Sri Lanka is in the process of inviting companies to bid for licences on some of the 13 blocks in the Cauvery and Mannar Basins off its northwest coast.
Saliya Wickramasuriya, head of the country’s Petroleum Resource Development Secretariat, told Reuters in an e-mail he did not expect the abandonment of the latest well “to have an impact on the second licensing round starting next week.”
Cairn India’s latest abandoned oil exploration well in Sri Lanka suffered a mechanical problem and its hydrocarbon potential has not been fully tested, the Sri Lankan petroleum official said on Friday.
Cairn India, a unit of London-listed Vedanta Resources, said on Thursday it plugged and abandoned an exploration well as it encountered multiple thick high-quality reservoir sands that were not hydrocarbon bearing.
But the well’s potential had not been fully tested, said Wickramasuriya. “We do not feel the hydrocarbon potential of this particular prospect has been fully tested yet,” he said, adding that he understood the well had suffered a mechanical problem, based on a statement from Cairn’s Sri Lankan unit.
“(This) caused the operator to plug the well for abandonment prematurely,” he added.
Cairn kicked off the well drilling on 2 February, after discovering gas and condensate in two of the three wells drilled in an earlier phase, though commercial viability has yet to be determined.

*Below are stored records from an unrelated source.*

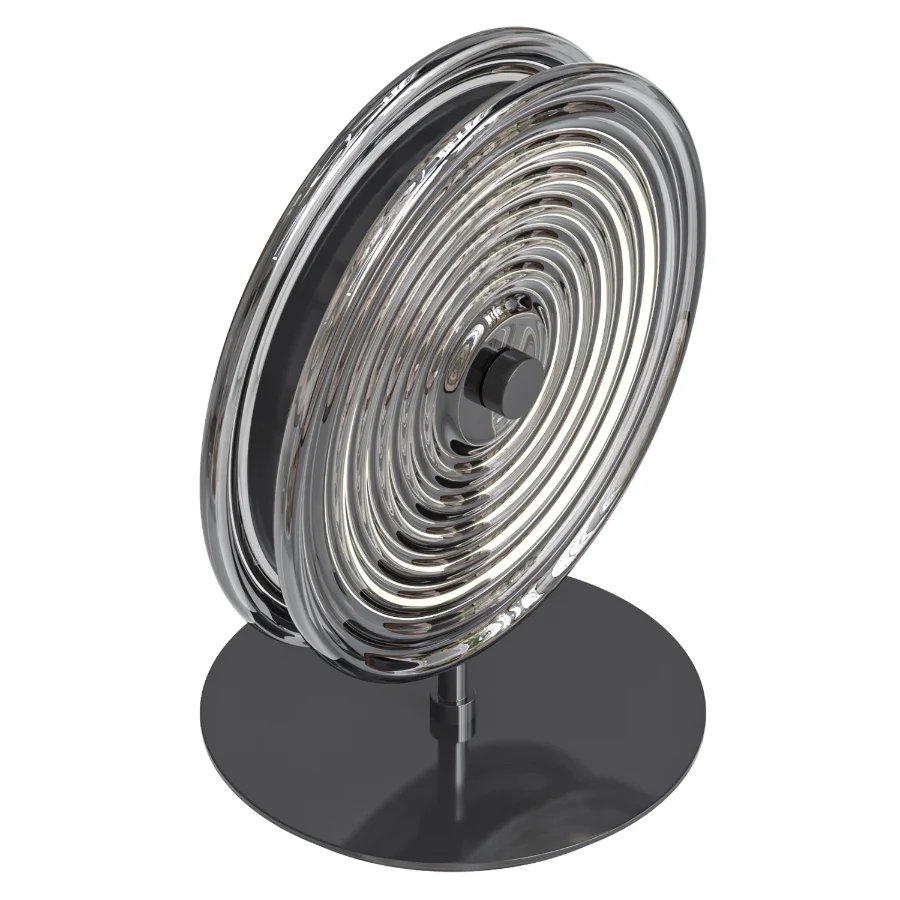 Table lamp made of metal and glass decorated Image 1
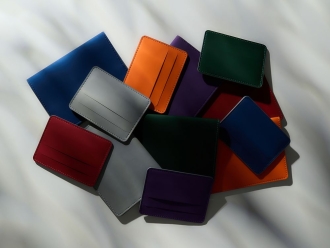 Изображение №7 | Чехол для карточек Shall Simple, серый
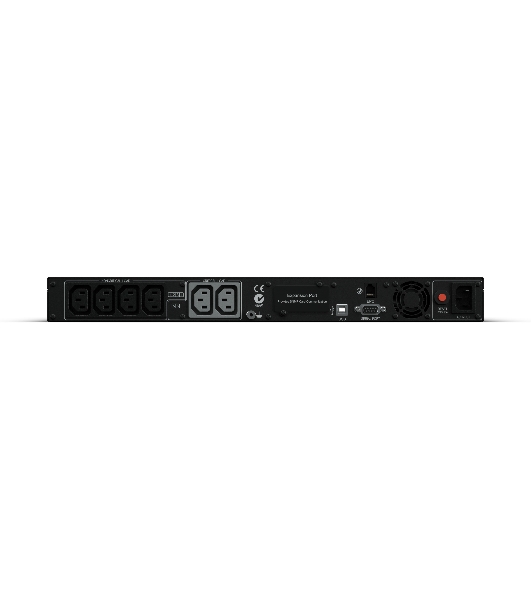 Источник бесперебойного питания CyberPower PR1000ELCDRT1U/1000 ВА/800 Вт/USB/RS-232/EPO/SNMPslot/6 x IEC 320 C13 (компьютерная)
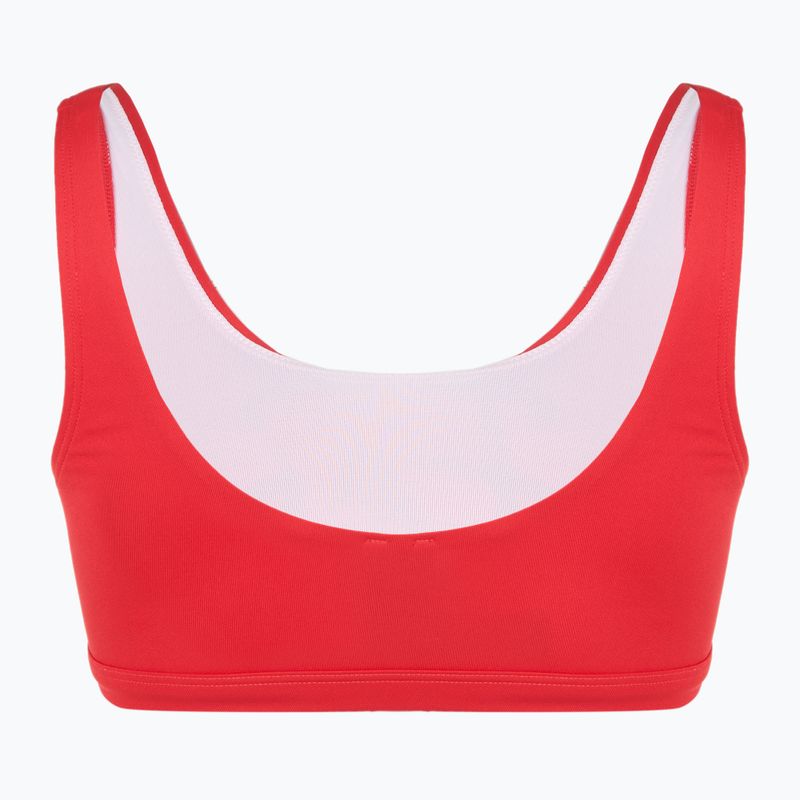 Strój kąpielowy dwuczęściowy damski EA7 Emporio Armani Maxi Logo Bikini Top racing red 4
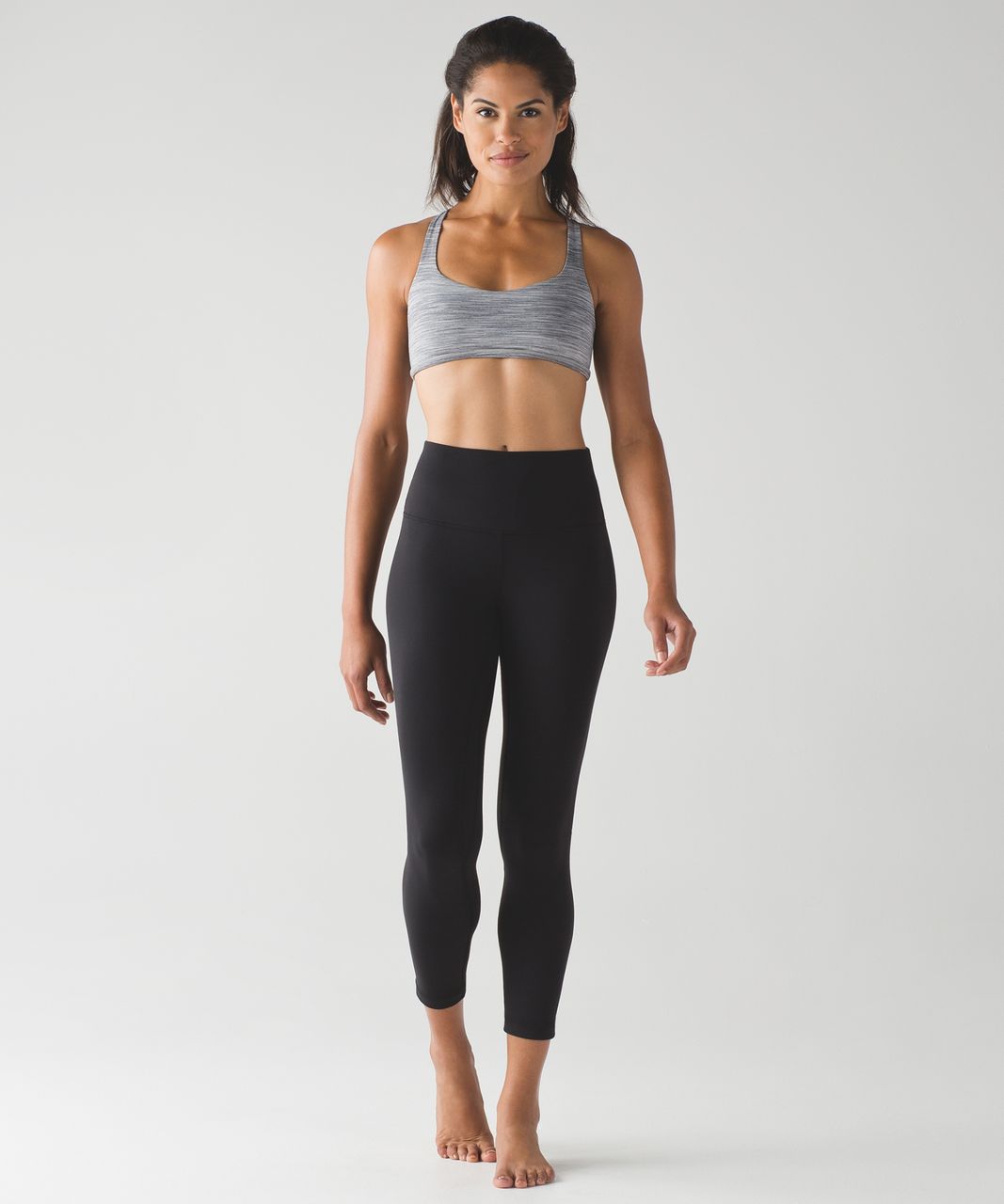 Lululemon Free To Be Bra (Wild) - Space Dye Camo Seal Grey Deep Coal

Sri Lanka has tried to reinvigorate oil and gas exploration efforts since the end of a three-decade war with Tamil separatists in May 2009. The island nation does not currently produce oil and spent $ 5.04 billion on imports in 2012.
Earlier seismic work by Norway’s TGS Nopec Geophysical Co ASA showed some potential in the northern Cauvery Basin, which, on the Indian side, has producing wells, and in a basin off the island’s southern coast.
Sri Lanka has said the seismic data shows the potential for more than one billion barrels of oil under the sea in a 30,000-sq km area of the Cauvery basin.
Cairn has the rights to drill in one of eight blocks in the offshore Mannar basin. China and India have been offered one each, which they are yet to accept, while the remaining five are expected to be tendered in the upcoming licensing round.
Russia’s natural gas monopoly, Gazprom, and Malaysian state oil company Petronas have held talks with Sri Lanka on potential exploration, and Vietnam and Sri Lanka signed a cooperation pact in 2011.